Recent advancements in artificial intelligence (AI) have significantly impacted various fields, including hardware design and verification. However, existing benchmarks for evaluating Large Language Models (LLMs) have primarily focused on isolated, component-level tasks, such as generating Hardware Description Language (HDL) modules from specifications. This approach leaves a critical gap in repository-scale evaluation, particularly concerning real-world hardware bug repair tasks. To address this issue, researchers have introduced HWE-Bench, the first large-scale, repository-level benchmark aimed at assessing LLM agents on practical hardware bug repair tasks.

Introducing HWE-Bench

HWE-Bench is designed to rigorously evaluate LLM agents in a context that reflects real-world challenges. The benchmark comprises 417 task instances sourced from historical bug-fix pull requests across six major open-source projects. These projects encompass a variety of hardware design languages, including Verilog/SystemVerilog and Chisel, and cover essential components such as RISC-V cores, System on Chips (SoCs), and security roots-of-trust.

Key Features of HWE-Bench

  • Real-World Context: Each task in HWE-Bench is grounded in a fully containerized environment, where agents must resolve actual bug reports. This approach ensures that the evaluation is reflective of real-world scenarios.
  • Validation of Correctness: The correctness of the bug fixes is validated through the native simulation and regression flows of the respective projects, ensuring high standards of evaluation.
  • Automated Pipeline: The benchmark was constructed using a largely automated pipeline, which allows for efficient expansion to new repositories, promoting scalability and adaptability.

Performance Evaluation

The researchers conducted evaluations of seven different LLMs using four distinct agent frameworks. The results revealed that the most effective agent was capable of resolving 70.7% of the tasks overall.

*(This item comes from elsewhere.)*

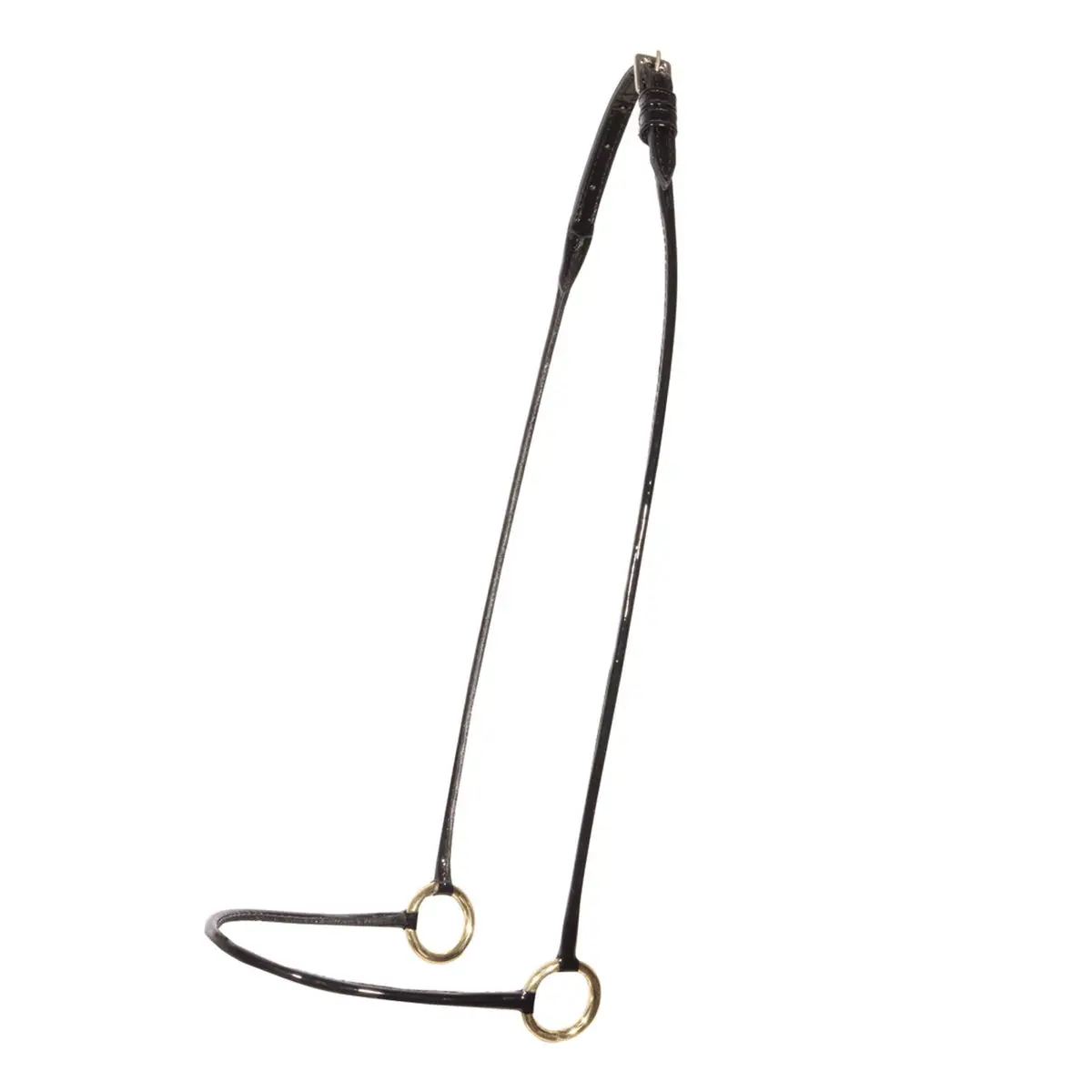 Classic Patent Leather Horse Show Halter - Gold-Plated Rings, Adjustable Crown, Heavy-Duty Cable, Durable for Farm Use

Notably, performance varied significantly based on the complexity of the projects; the best agents achieved over 90% success on smaller core tasks but dropped below 65% on more complex SoC-level projects.

Insights from Failure Analysis

One of the critical findings from the study is the observation of larger performance gaps across models compared to those reported in software benchmarks. The difficulty in resolving tasks was influenced by various factors, including project scope and the distribution of bug types, rather than merely the size of the codebase. The researchers conducted a detailed failure analysis, identifying three key stages in the debugging process where agents commonly encountered challenges:

  • Fault Localization: The initial stage where the agent identifies the source of the bug.
  • Hardware-Semantic Reasoning: Understanding the hardware-specific implications of the bug and the fix.
  • Cross-Artifact Coordination: Collaborating across different components such as Register Transfer Level (RTL), configuration, and verification components.

Conclusion

The introduction of HWE-Bench marks a significant step forward in the evaluation of LLMs within the hardware domain. By focusing on real-world bug repair tasks and providing a comprehensive benchmarking framework, HWE-Bench offers valuable insights into the capabilities and limitations of current LLM agents. The findings from this benchmark not only highlight the need for more capable hardware-aware agents but also provide concrete directions for future research and development in the field of AI-driven hardware design and verification.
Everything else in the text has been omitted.